Parallel in time to the moment that Van Helsing felt the first gasps of pain that was the bite beginning, the creature's mouth slipped, tearing flesh away from his body, but not actually doing fatal damage. The creature howled in agony and turned around. The poor beast was too late. Ashian had snuck up behind it while it tormented Van Helsing. She had leapt forward at Van Helsing's first gasp of pain and slammed both Van Helsing's and her own silver stakes hilt deep into the heart of the monster. As the beast continued to thrash about in pain Ashian emptied several rounds of silver bullets into the beast. As a last dying attempt to do its master's bidding it threw itself on Ashian. In the heat and anger of the moment an inhuman strength gripped her, allowing her to swing the dead animal into the forest even as the body began to change back to its human form.

Van Helsing had propped himself into a sitting position and watched the whole spectacle. He could have sworn that Ashian's eyes had glowed blood red when she threw the werewolf into the forest. It was obviously a display of vampirc strength, but he had never seen another vampire's eyes ever actually glow. What new omen was this? Before he could further his ponderings, he felt spasms shake his body. It was a full moon, and he was a werewolf –again.

He need not have worried, because as soon as Ashian had discarded of the body she rushed up the dale to inspect Van Helsing. Upon seeing his wound she quickly grabbed a syringe out of a coat pocket. It was the poison antidote that she had been taught the making of in Istanbul. In the fray the tip of the needle had been broken, but Ashian just cut a small slit on Van Helsing's arm. (He had quickly discarded his coat as the spasms began.) She gently guided what was left of the snapped needle into the cut and let the antidote into his blood. The spasms quickly stopped, to the relief of both.

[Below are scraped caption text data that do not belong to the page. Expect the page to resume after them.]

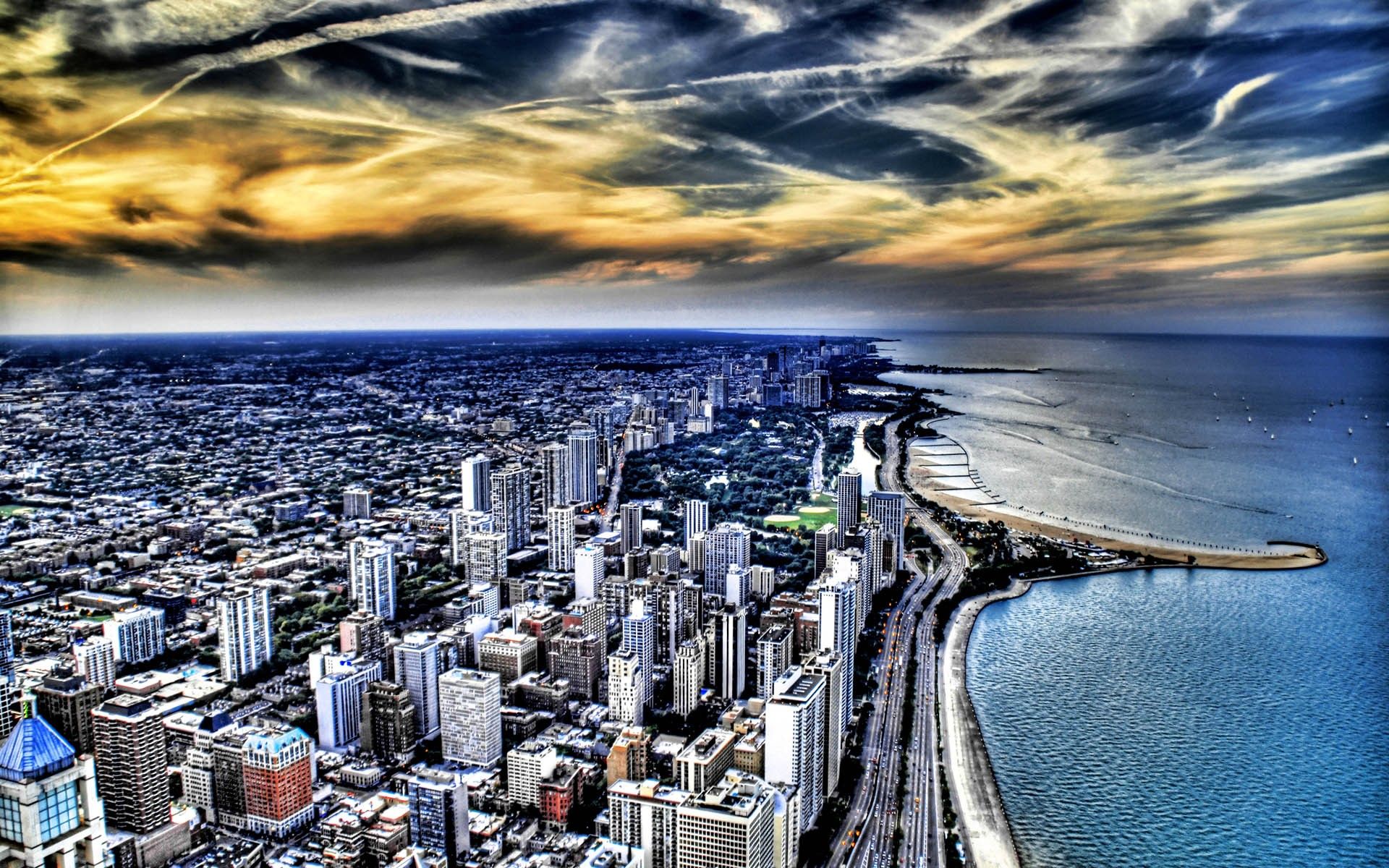 coast, beach, cityscapes, Chicago, buildings, skyscrapers, Lake Michigan, HDR photography, Great Lakes wallpaper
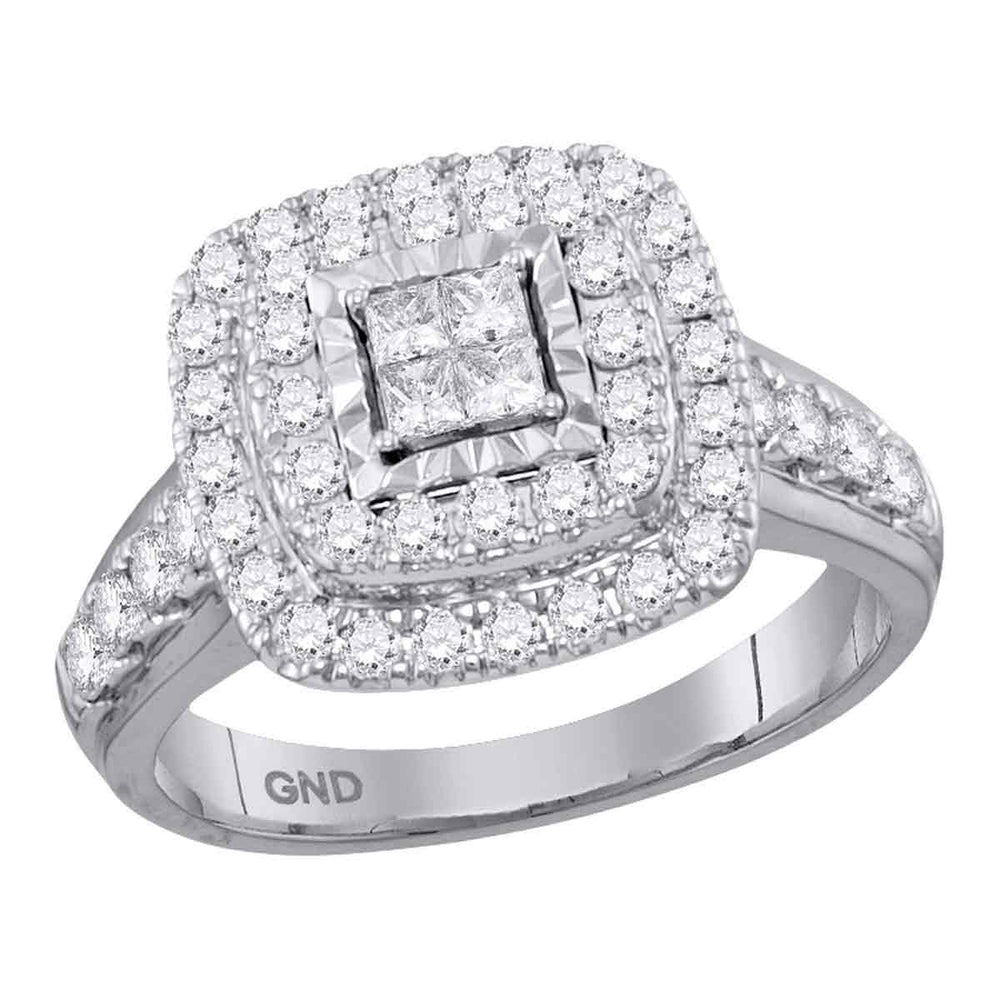 14kt White Gold Womens Princess Diamond Square Cluster Bridal Wedding Engagement Ring 1.00 Cttw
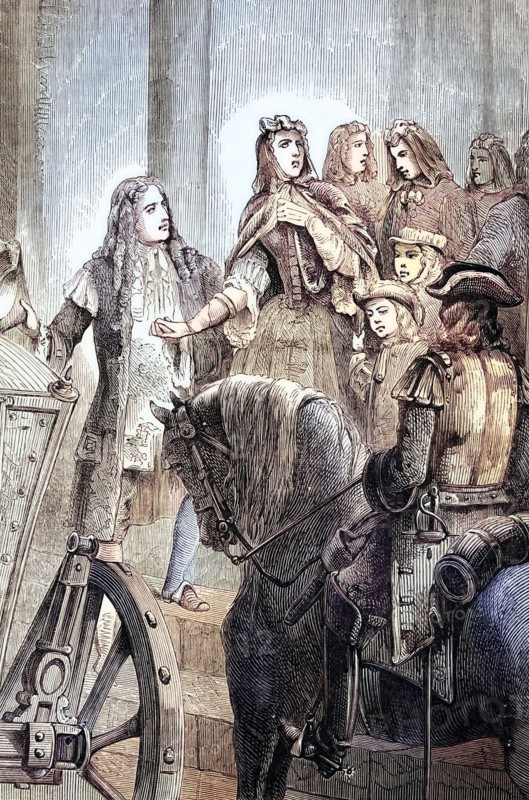 During the War of the Spanish Succession. Marie Jeanne (Dutchwoman of Savoy) was forced to sell her jewelry to support her household during the Battle of Turin in 1706. She later fled to the safety of Genoa. Italy. during the conflict. Digital reproduction of a historical original.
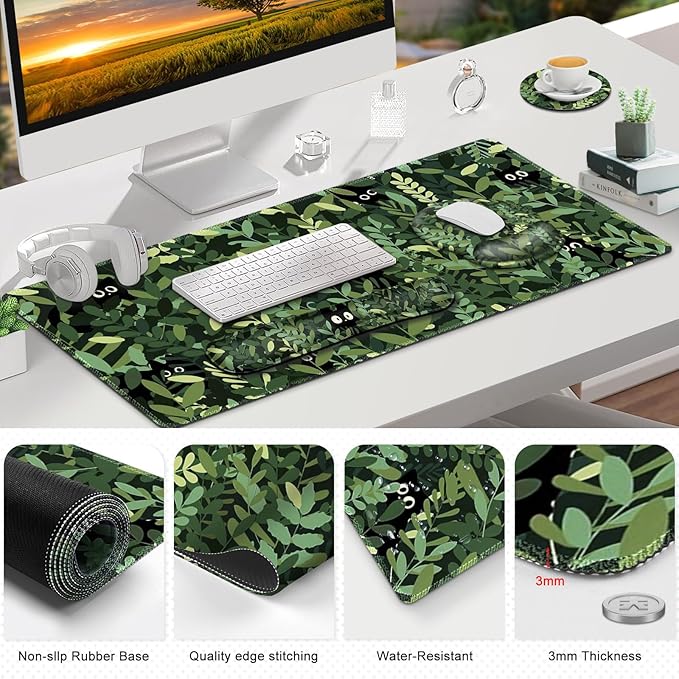 Large Desk Mat Cute Anime Cats Gaming Mouse Pad Desk Pad Protector XXL Mousepad + Keyboard Wrist Rest+Mouse Wrist Rest+Coaster Set with Ergonomic Desk Pad for Home Office PC Computer Green Leaves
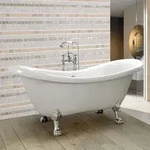 HOME DELUXE - freistehende Badewanne FAMA Wei&szlig; Wanne Design Badewanne mit F&uuml;&szlig;en -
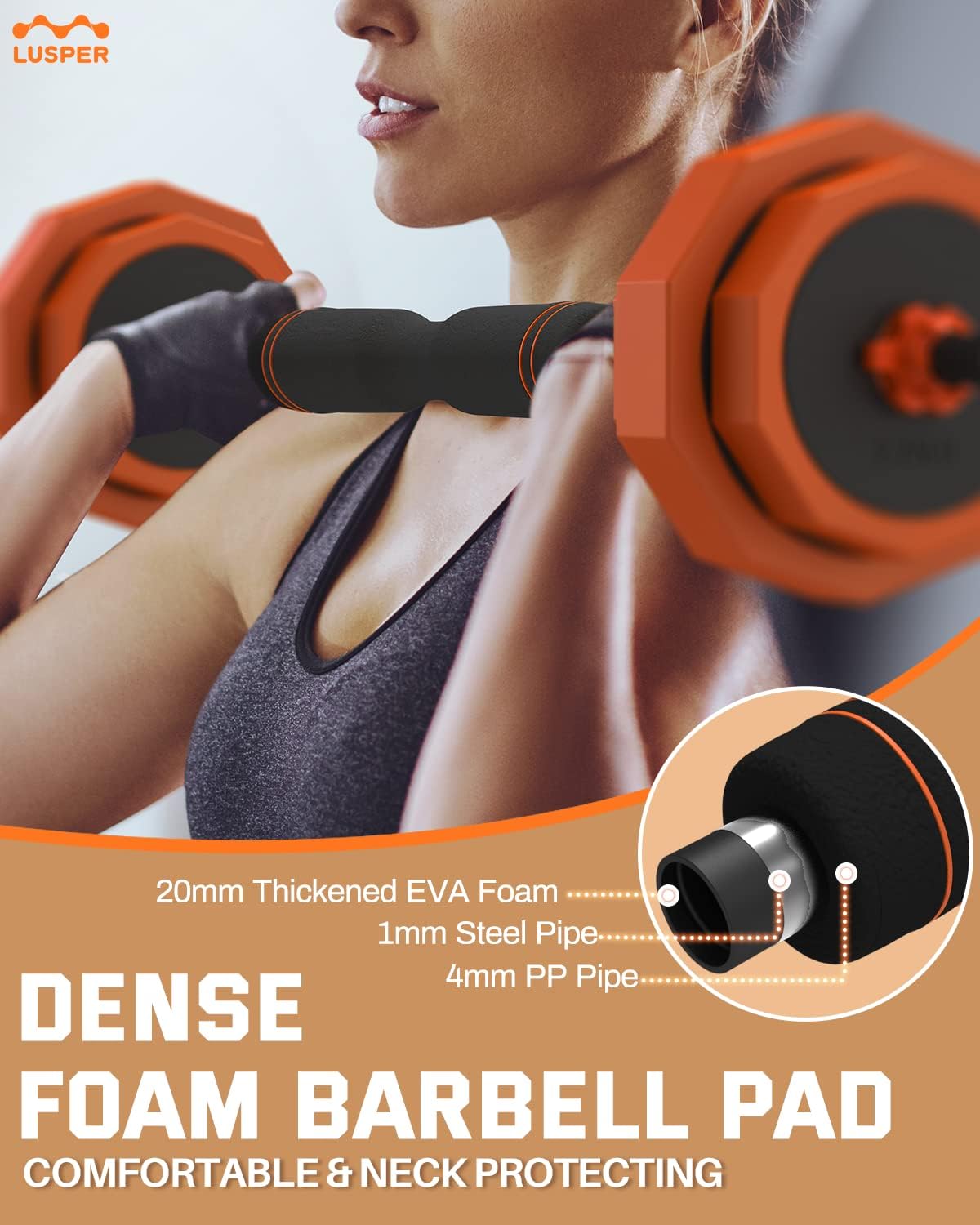 Lusper Adjustable Weights Dumbbells Set, 44LB/55LB/66LB Free Weights, 3 in 1 Mutiweight Dumbbell/Barbell/Kettlebell with Connector, Versatile Weight Set for Home Gym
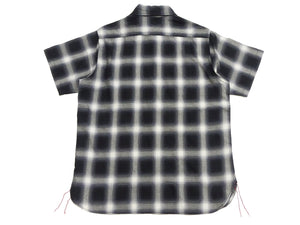 Sugar Cane Ombre Plaid Work Shirt Men's Casual Vintage-Style Short Sleeve Check Button Up Shirt SC39519 119 Black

"That was, um, exciting." Ashian sighed in the tension. "No, it was stupid. I should have known that Dracula was after me again. I shouldn't have even left the castle. What if there had been two of them, and you didn't get the antidote in time? What if you had been killed? What if -?"

Van Helsing put a hand over her mouth to stop the rambling. He didn't enjoy being talked about like he was helpless. "Ashian, shut up. You were upset and had every right to leave, there weren't two werewolves, I did get the antidote in time, and I have yet to be killed. We need to get to the castle and decide which course of action to take, alright? Let's go." He got up first and helped Ashian to her feet.

In the quick battle the moment of tenderness had been completely forgotten, but as his ungloved hand touched her own, a violent shudder shook her body. Unrecognized passions coursed through her slow moving blood like a wolf among the guard dogs. It was akin to that which she had felt briefly before, but wilder, superior, and it ran about causing havoc while it could not be stopped. Frightened by the total lack of emotional control, Ashian dropped his hand and sprinted to where she had tied up her mount. Not pausing to wait for Van Helsing, she sent her horse into a wild gallop and sped for the Valerious Castle, completely unaware that Van Helsing stood forlornly on the hill, wondering, not a little hurt, at what could have sent her bolting at his touch.